Communicating is a way to build strong family relationships that your kids will need when trying to navigate difficult changes. That said, always be ready to listen to any concerns they have and pay attention to non-verbal cues too.
If you’ve recently adopted a child or are working with one in the foster care system, then you should take extra care. They may have undergone traumatic experiences like abuse that hasn’t yet been addressed. Looking out for signs that something may be wrong and getting professional advice if so are good actions to take.
Communicate With Coaches and Teachers
Once you have an understanding and open line of communication with your kids, do the same with other people they engage with. If your kids play a sport, for instance, then they may happen to spend a great deal of time with coaches.

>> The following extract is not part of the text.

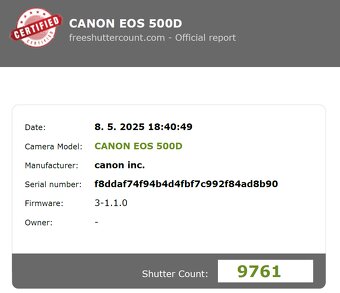 Canon EOS 500D + objektív, príslušenstvo a taška - 12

Communicate with their coach often so you’re aware of any changes in their behavior. The coach may have suggestions for things you could do at home to help your child. Likewise, let them know that they’re going through things at home that could potentially affect their performance. Sometimes, kids look up to their coaches as role models, so they may be able to have a positive influence on them. By working together, you can give your child as much support as possible to be the best they can be.
Educators are another group of people your child sees on a regular basis. As with coaches, communicate with them so you know how your child is performing academically and behaviorally. At times, major changes and struggles outside of school can result in kids suffering academically. Working with their educators, however, can help you avoid this.
Create New Traditions
Does your family need a new Spring Break tradition or two? And are you having some trouble coming up with ideas? Think back to what your family used to do during Spring Break. Did you grow up in the freezing tundra, and your family was the type to jet off to a tropical location in order to thaw out after a harsh winter? If a tropical getaway is outside your family budget, you can always whip out your planning apps and prep a good old fashioned road trip. Take your planning to the next level and use an Excel sheet to plan out all the details
Don’t want to travel, but you still want to build some new traditions with your family? Focus on your family’s penchant for artistic pursuits instead and use the time to research music lessons for the whole family. Start with picking the best instrument for the littles. Since they’re still in their developmental stages, choosing an instrument for them will be more difficult. The adults can choose their own around the kids, if they don’t already play one. There’s no telling how far a musical family might go. Look at the Osmonds or Idaho’s famous Braun family.
Build a Support System
They say that it takes a village to raise a child, so it isn’t something you need to attempt to do alone. Surround your kids with as many friends and family members as possible so that they feel the love from all sides. If they have a favorite aunt or a best friend, communicate what’s happening to them. They could connect with your child on a deeper level and maybe open up in ways they may not with you. Your child knowing that they have multiple people to turn to can be a great encouragement. It can also take some of the weight off of your shoulders so you can enjoy their time off as well.
Spring break comes around once a year so no matter your circumstances, make it count. Do your best to make it special for them so you create childhood memories worth remembering.